Only one span is wanted from the lines below: from the one with "Kennedy Jeweller's &" up to and including the one with "2 pin k type". Copy it exactly, without images.

Given records below:

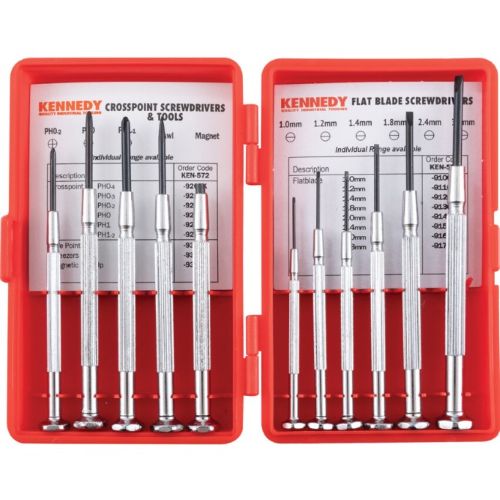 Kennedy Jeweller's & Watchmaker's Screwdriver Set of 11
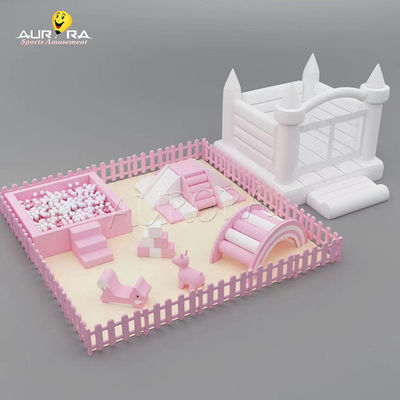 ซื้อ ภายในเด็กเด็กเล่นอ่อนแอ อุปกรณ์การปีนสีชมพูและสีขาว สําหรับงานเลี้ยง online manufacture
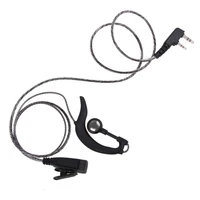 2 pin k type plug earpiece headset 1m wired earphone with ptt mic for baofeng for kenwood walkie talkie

End of Given records.
Given records below:

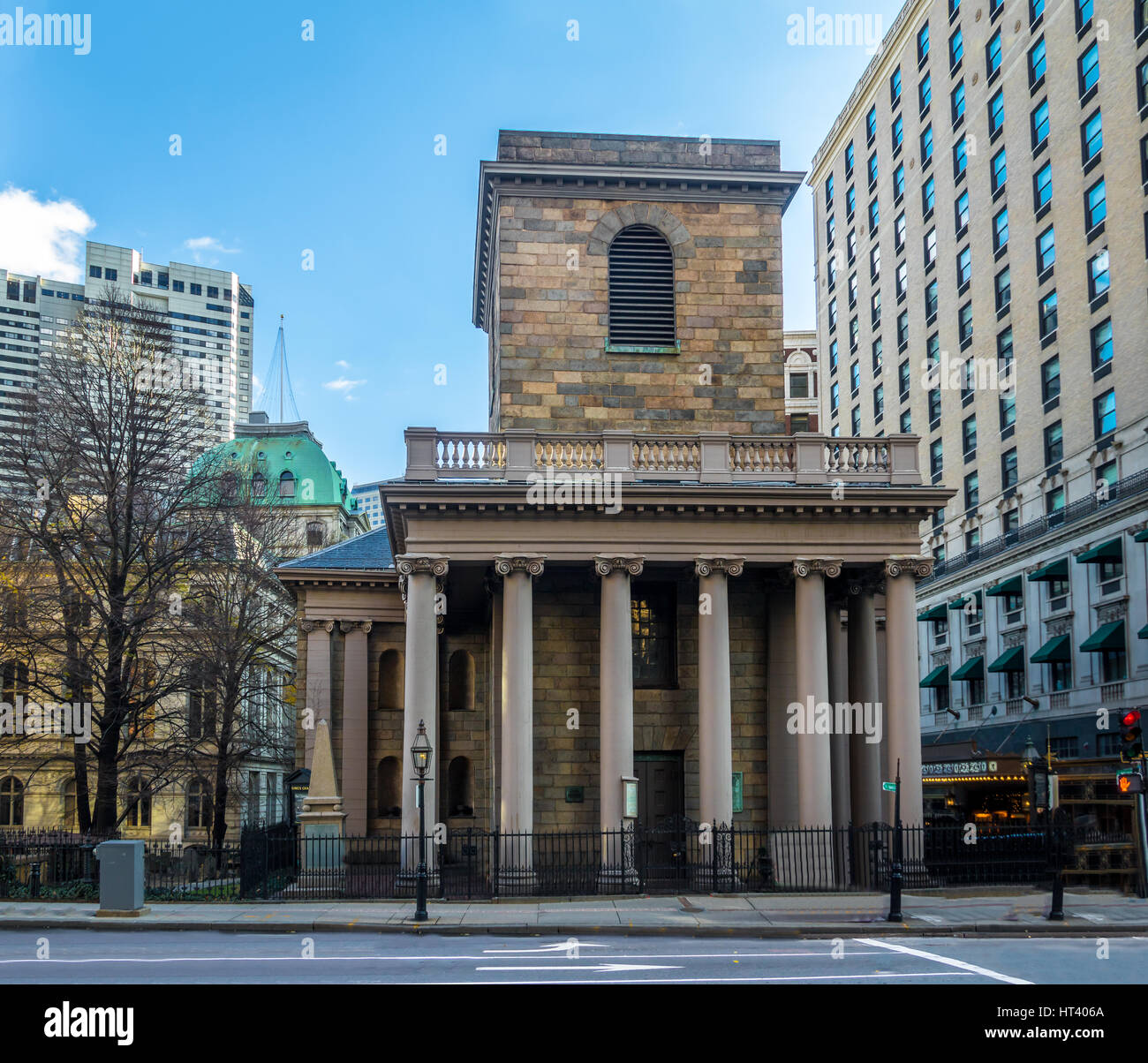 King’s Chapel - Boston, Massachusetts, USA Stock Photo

End of Given records.
Given records below:

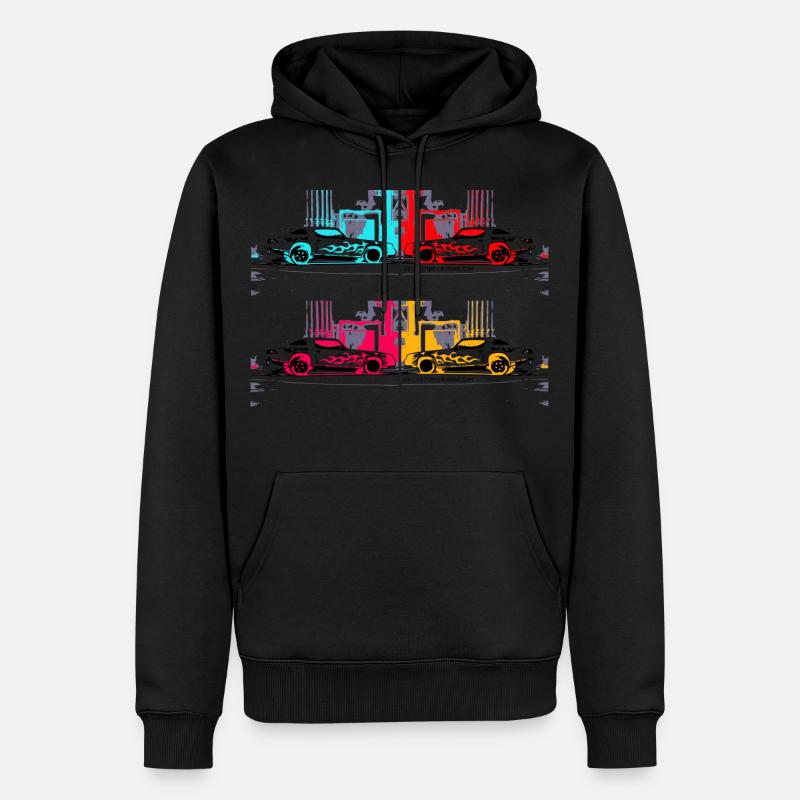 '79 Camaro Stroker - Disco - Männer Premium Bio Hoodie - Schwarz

End of Given records.

Task result -
 Kennedy Jeweller's & Watchmaker's Screwdriver Set of 11
 ซื้อ ภายในเด็กเด็กเล่นอ่อนแอ อุปกรณ์การปีนสีชมพูและสีขาว สําหรับงานเลี้ยง online manufacture
 2 pin k type plug earpiece headset 1m wired earphone with ptt mic for baofeng for kenwood walkie talkie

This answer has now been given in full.